Ein Tag im Kosovo

Um 07:00 Uhr klingelt der Wecker und wir quälen uns müde aus den warmen Betten. Wir gehen aus unseren Zimmern und trotten ins Wohnzimmer, wobei wir die ersten verschlafenen Blicke wechseln und ein leises „Morgen“ murmeln. Im Wohnzimmer angelangt, greifen wir zur Bibel und halten für eine Stunde Stille Zeit auf unserem Sofa.
Es ist kurz nach 08:00 Uhr, die Stille Zeit ist vorbei und wir stellen Müsli, Milch und Joghurt fürs Frühstück auf den Esstisch. Beim Frühstücken kommt immer wieder ein Zeitupdate von Rita „noch 5 Minuten!“. Wir putzen uns die Zähne im Schnelldurchgang und ziehen uns gleichzeitig die Schuhe an. Es ist 08:25 Uhr und wir ziehen unsere Jacken an, beten kurz zusammen für den vor uns liegenden Tag und hetzen 80 Stufen die Treppen runter und zur Gemeinde. 08:30 Uhr erreichen wir dann im besten Fall die Bibliothek der Gemeinde, ein, zwei Leute sind schon da und der Wasserkocher für Instantkaffe und Tee ist auch schon angesetzt. Bis es um 09:00 Uhr wirklich losgeht, betreiben wir fleißig Beziehungsarbeit. Der Pastor begrüßt alle (um die 25 Personen), ein Kosovarer oder jemand von uns hält ein kurze Andacht und wir beten anschließend alle zusammen auf Albanisch, Englisch oder Deutsch. Danach werden die Arbeiten verteilt, die für heute anstehen: Warehouse; House of Hope in Milloshevë, Vushtrri, Kaҫanik; Roma Center und Outreach, wobei wir überall schonmal mitgearbeitet haben.

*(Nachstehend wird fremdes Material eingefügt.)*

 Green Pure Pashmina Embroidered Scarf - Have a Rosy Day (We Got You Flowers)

Um 09:30 Uhr geht es dann los! Für uns heißt das heute Warehouse. Wir folgen einem der Festangestellten durch den scheinbar chaotischen Stadtverkehr Prishtinas, bis wir an einem kleinen Lagerhaus etwas außerhalb der Stadt ankommen. Als wir dort loslegen ist es 10 Uhr, uns wird gesagt welche Kartons mit Kleidung sortiert und in den kleinen Laster geladen werden müssen. Wir machen unsere Musik an und klären unsere Zuständigkeitsbereiche (wer sich um welche Kleiderkategorie kümmert und diese wieder in einen Karton packt und beschriftet).

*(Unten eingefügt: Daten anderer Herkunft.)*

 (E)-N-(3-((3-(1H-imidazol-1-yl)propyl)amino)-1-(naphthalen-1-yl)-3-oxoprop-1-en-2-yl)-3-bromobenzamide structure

Um 12:30 Uhr kommt jemand von der Gemeinde und bringt uns etwas zu Essen (meistens Döner) oder wir fahren irgendwo zum Essen hin. Nach der Mittagspause arbeiten wir bis 16:00 Uhr weiter. Dann geht es für uns durch den Feierabendverkehr zurück zur Gemeinde. Dort angekommen kaufen wir erst einmal ein und kochen unser Abendessen. Nach dem Essen müssen wir auch schon wieder aufbrechen, da es um 19:00 Uhr in der Kirche weitergeht (Prayermeeting, Biblestudy, Teensmeeting).

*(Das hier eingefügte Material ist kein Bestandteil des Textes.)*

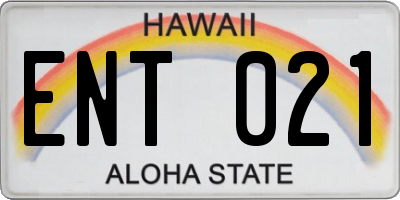 HI license plate ENT021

Um 21:30 Uhr schleppen wir uns müde und geschafft die Treppe zu unserem Apartment hoch. In der Wohnung angelangt, setzen wir uns ins Wohnzimmer, tauschen uns über den Tag aus, schreiben Tagebuch und spielen oft noch ein paar Runden Doppelkopf, wobei der ein oder andere noch Nudeln oder Müsli isst, bevor die abendliche Zahnputzsession beginnt und wir schlafen gehen. Es ist 23:45 Uhr und so langsam begibt sich auch der harte Kern ins Bett. In 7 Stunden und 15 Minuten beginnt der neue Tag und wir sind gespannt was auf uns zukommt.

Liebe Grüße,

Euer Stefan
Gestern mussten wir uns leider von dem amerikanischen Team verabschieden. Ihre Reise geht jetzt weiter nach Rumänien.